3 When it is extinguished, the body will turn to ashes,
and the spirit will dissolve like empty air.
4 Our name will be forgotten in time,
and no one will remember our works;
our life will pass away like the traces of a cloud,
and be scattered like mist
that is chased by the rays of the sun
and overcome by its heat.
5 For our allotted time is the passing of a shadow,
and there is no return from our death,
because it is sealed up and no one turns back.
6 “Come, therefore, let us enjoy the good things that exist,
and make use of the creation to the full as in youth.
7 Let us take our fill of costly wine and perfumes,
and let no flower of spring pass by us.
8 Let us crown ourselves with rosebuds before they wither.
9 Let none of us fail to share in our revelry,
everywhere let us leave signs of enjoyment,
because this is our portion, and this our lot.
10 Let us oppress the righteous poor man;
let us not spare the widow
nor regard the gray hairs of the aged.
11 But let our might be our law of right,
for what is weak proves itself to be useless. (Wisdom 2:1-11, Revised Standard Version)

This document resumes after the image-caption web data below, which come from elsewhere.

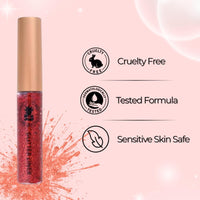 BOBI Glitter Eyeliner Red | Diamond Sparkle Finish | Waterproof Long Wear | Quick Dry Smudgeproof | Felt-Tip Precision | Cruelty-Free Paraben-Free-5ml - 5
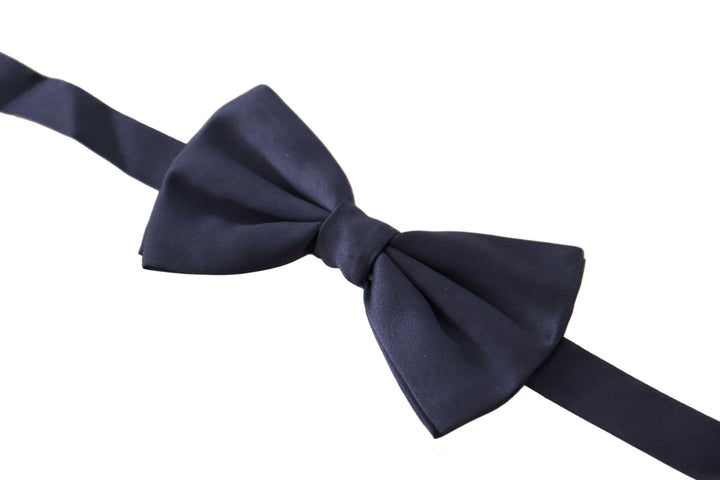 Dolce & Gabbana Blue  100% Silk Adjustable Neck Papillon Tie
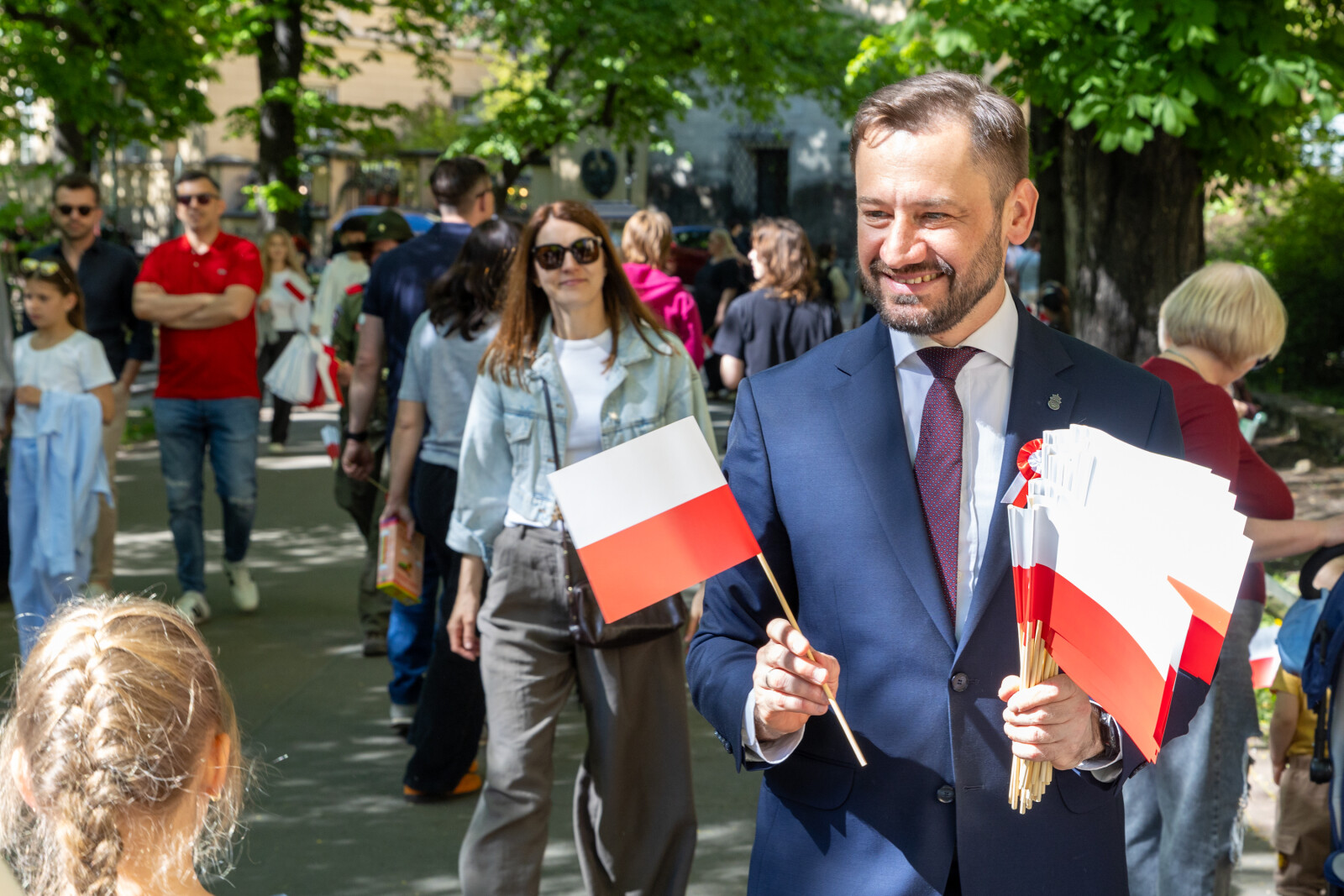 0S4A7922.jpg-Święto Flagi, Miszalski, Mieszkańcy, Doda, Zdjęcia  Autor: B. Świerzowski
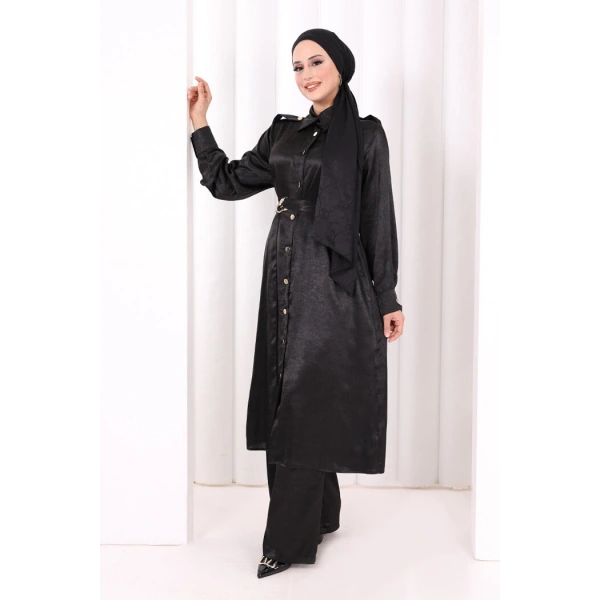 Kemerli İkili Takım 8024 Siyah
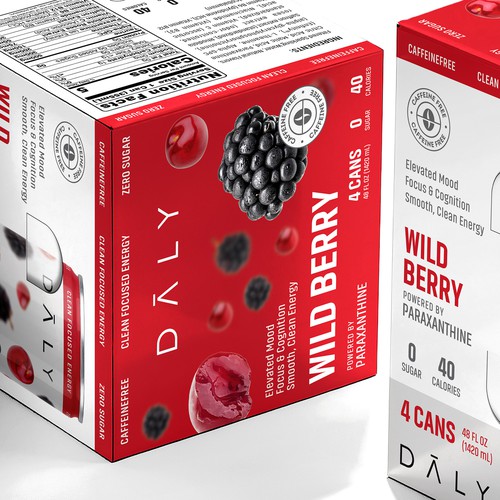 Drink design with the title '4 Pack Can Box Design'
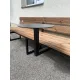 Contemporary Outdoor Seating Bench with Tables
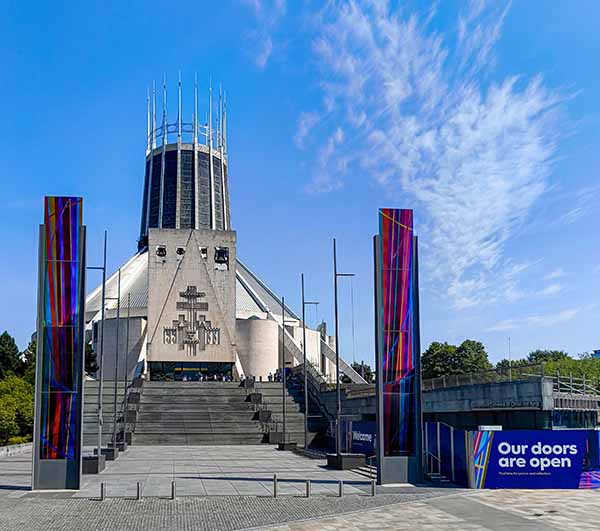 Metropolitan Cathedral of Christ the King, affectionately known by locals as Paddy's Wigwam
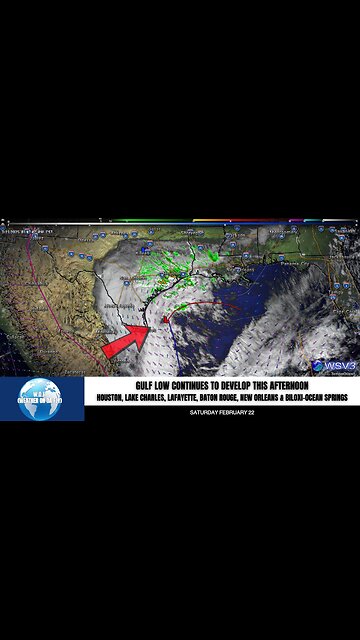 🌩️ Gulf Storms Approach Mississippi Delta Tonight! 2/22/25 #shorts #weather #stormupdate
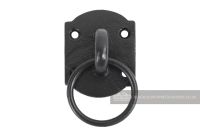 Black Cast Iron Manger Cabinet Ring Pull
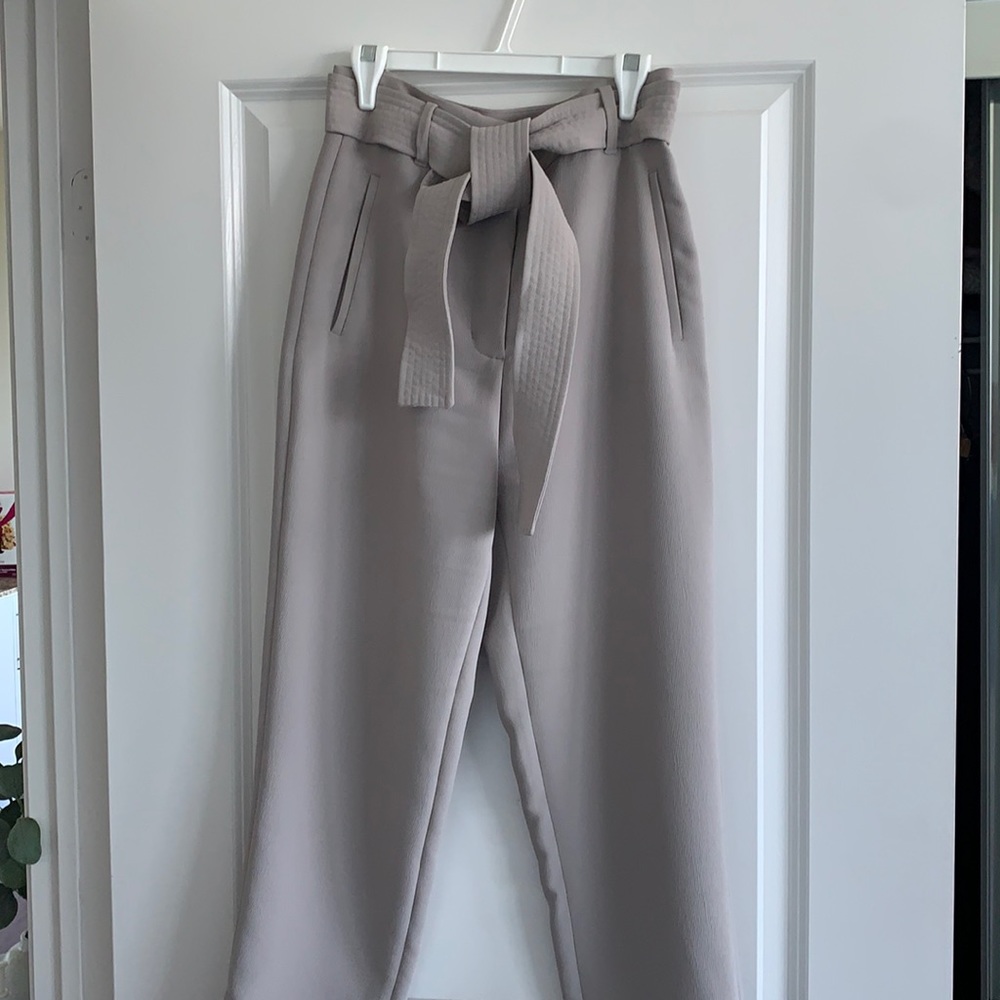 Wilfred Taupe High-Waisted Pants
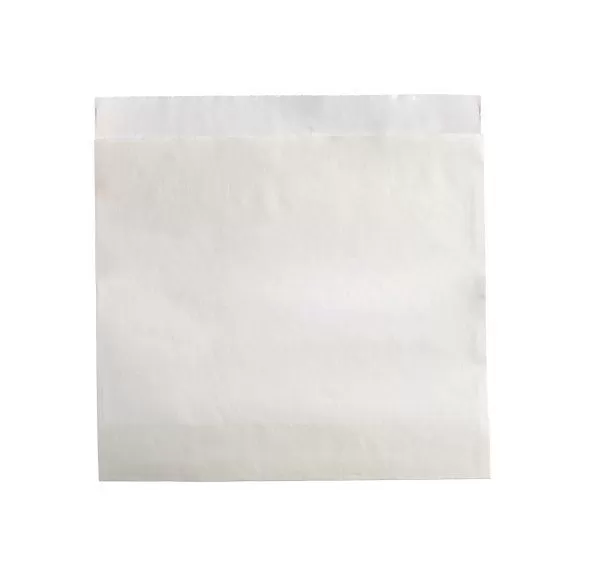 Бумажный уголок белый 175х175 жиростойкая бумага  (40 г/кв.м) (100шт/уп) (2500шт/кор)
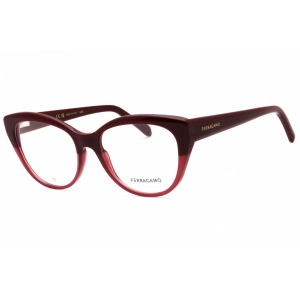 Salvatore Ferragamo Women's Eyeglasses - Burgundy Acetate Cat Eye Frame | SF2970 601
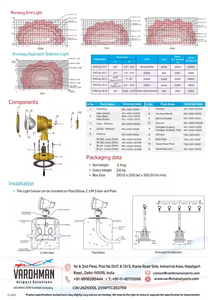 Luz de extremo de pista LED de aproximación/umbral unidireccional 6.6A halógeno ICAO/FAA/IEC Obstrucción de aviación roja AR111 - Product Image 5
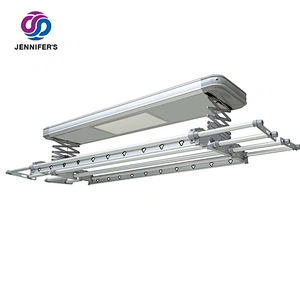 Remote Control Multifunctional Aluminum Hanger Clothes Tree Airer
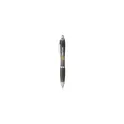 Variante noir - Stylo bille personnalisable Athos GRS en PET recyclé avec logo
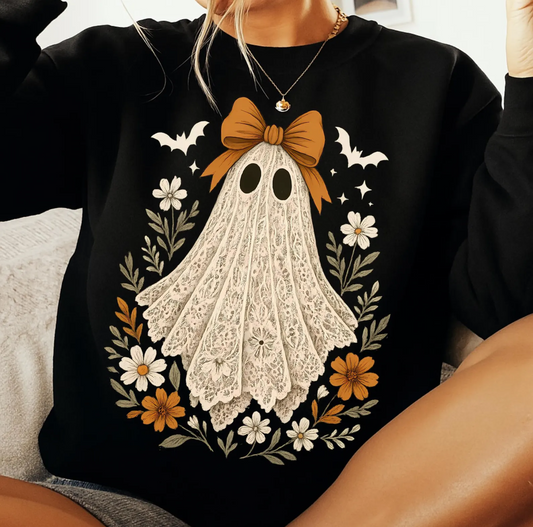Lace Ghost Sweatshirt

Having noted that we suffer and then we die, Jordan Peterson asks himself a question:
What in the world should be done about that?
The simplest, most obvious, and most direct answer? Pursue pleasure. Follow your impulses. Live for the moment. Do what’s expedient. Lie, cheat, steal, deceive, manipulate — but don’t get caught. In an ultimately meaningless universe, what possible difference could it make? (162)
He then quotes almost all of the passage above, from the apocryphal book of Wisdom. It’s clear, though, that he doesn’t share the quoted opinion and that the “simple, obvious, and direct answer” that he supplies doesn’t represent his own view.
He doesn’t quote the rest of Wisdom 2, which is also interesting:
12 “Let us lie in wait for the righteous man,
because he is inconvenient to us and opposes our actions;
and accuses us of sins against our training.
13 He professes to have knowledge of God,
and calls himself a child of the Lord.
14 He became to us a reproof of our thoughts;
15 the very sight of him is a burden to us,
because his manner of life is unlike that of others,
and his ways are strange.
16 We are considered by him as something base,
and he avoids our ways as unclean;
he calls the last end of the righteous happy,
and boasts that God is his father.
17 Let us see if his words are true,
and let us test what will happen at the end of his life;
18 for if the righteous man is God’s son, he will help him,
and will deliver him from the hand of his adversaries.
19 Let us test him with insult and torture,
that we may find out how gentle he is,
and make trial of his forbearance.
20 Let us condemn him to a shameful death,
for, according to what he says, he will be protected.”
21 Thus they reasoned, but they were led astray,
for their wickedness blinded them,
22 and they did not know the secret purposes of God,
nor hope for the wages of holiness,
nor discern the prize for blameless souls;
23 for God created man for incorruption,
and made him in the image of his own eternity,[b]
24 but through the devil’s envy death entered the world,
and those who belong to his party experience it.